Another challenging issue is the development of effective biomarkers to identify patients who are more likely to respond to specific targeted therapy by using companion diagnosis (CDx). CDx is an in vitro medical device that uses biomarkers to provide information on the safe and effective use of drugs or biologicals. FDA-approved CDx includes BRACAnalysis CDx® and Myriad myChoice® CDx developed by Myriad Genetic Laboratories, and FoundationOne® CDx [F1CDx] and FoundationOne® Liquid CDx developed by Foundation medicine. The HRDetect test utilizes machine learning algorithm (20).

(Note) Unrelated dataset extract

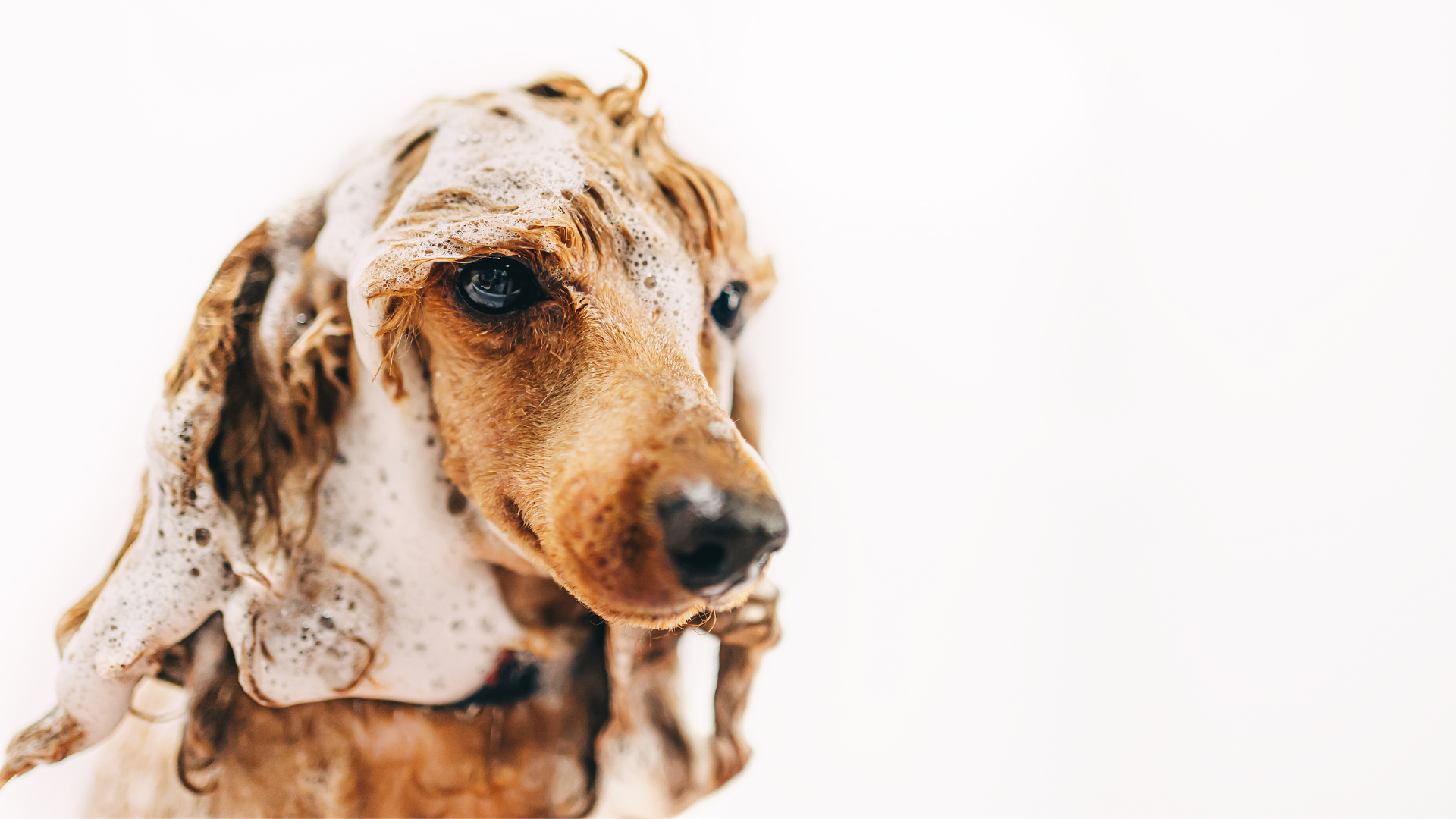 シャンプーされている犬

BRACAnalysis CDx® is an in vitro diagnostic method used for the detection and classification of DNA sequence variants in the protein-coding regions, intron or exon boundaries of the germline BRCA1 and 2 genes from whole blood sample. PCR and Sanger sequencing are used to detect small insertions and deletions (indels), and single nucleotide variants (SNVs). Large deletions and duplications are detected by multiplex PCR. The test results used as an aid to identify eligible patients for PARPIs in breast, ovarian, pancreatic and prostate cancers treatment (21). Myriad myChoice® CDx is NGS-based in vitro diagnostic test that evaluates the qualitative detection and classification of SNVs, indels and large rearrangements (LRs) in protein-coding regions and intron/exon boundaries of the BRCA1 and 2 genes, and determine Genomic Instability Score (GIS) by measuring [LOH, TAI, and LST] using DNA isolated from formalin-fixed paraffin-embedded (FFPE) tumor tissue. The test used to select eligible patients for ovarian cancer with positive HRD status for the treatment with Zejula® (niraparib) (22).

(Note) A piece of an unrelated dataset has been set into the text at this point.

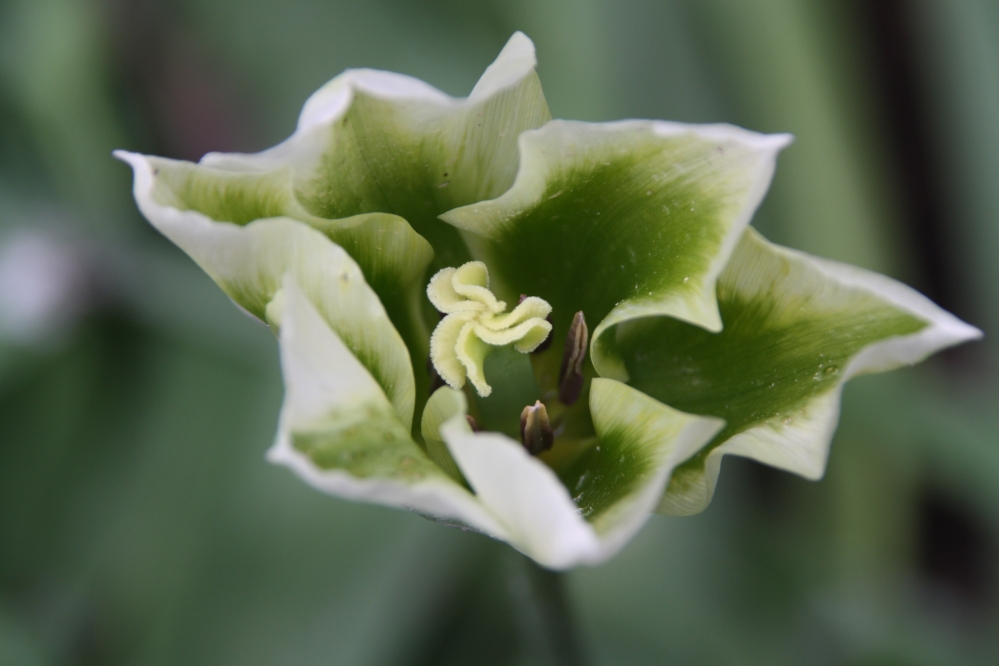 Tulp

FoundationOne®CDx (F1CDx) is a qualitative NGS- and high throughput hybridization-based capture test for the detection of indels, substitutions and copy number alterations (CNAs) in 324 genes. It detects gene rearrangements, genomic signatures including microsatellite instability (MSI), tumor mutational burden (TMB) and positive HRD status (somatic BRCA-positive and/or LOH high) using DNA isolated from FFPE tumor tissue. It provides definite information for the identification of eligible patients for specific treatments of different class using specific biomarkers for many solid tumors (23).

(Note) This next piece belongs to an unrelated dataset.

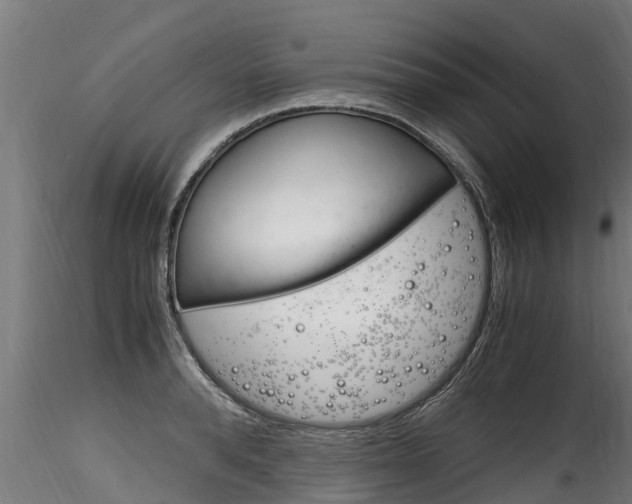 X0000116260896200911300949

FoundationOne® Liquid CDx is a qualitative NGS based test, which can identify indels, and substitutions in 311 genes, rearrangements in 4 genes and CNAs in 3 genes. It utilizes circulating cell-free DNA (cfDNA) isolated from plasma-driven peripheral whole blood collected in anti-coagulants. The test identifies patients that can benefit from different targeted treatments for NSCLC, breast, ovarian and prostate cancers based on specific biomarkers detected in each cancer. Negative result does not rule out the presence of an alteration in the patient’s tumor, in this case patients can opt for another tumor tissue-based CDx. The test analytical accuracy is not well demonstrated in all genes e.g., the test does not detect heterozygous deletions, and copy number losses/homozygous deletion in ATM (24).

HRDetect is a whole genome sequencing (WGS)-based classifier of HRD that can predict BRCA1 and 2 deficiency based on six mutational signatures (the HRD index [LOH + TAI + LST], microhomology-mediated indels, base-substitution signature 3 and 8, and rearrangement signature 3 and 5). It can also identify HRD in sporadic cancers (BRCAness) with and without any single detectable defect in HR genes (20, 25). HRDetect was shown highly sensitive method as compared to other HRD detection CDxs (20), but require clinical validation in independent set to avoid overfitting issue.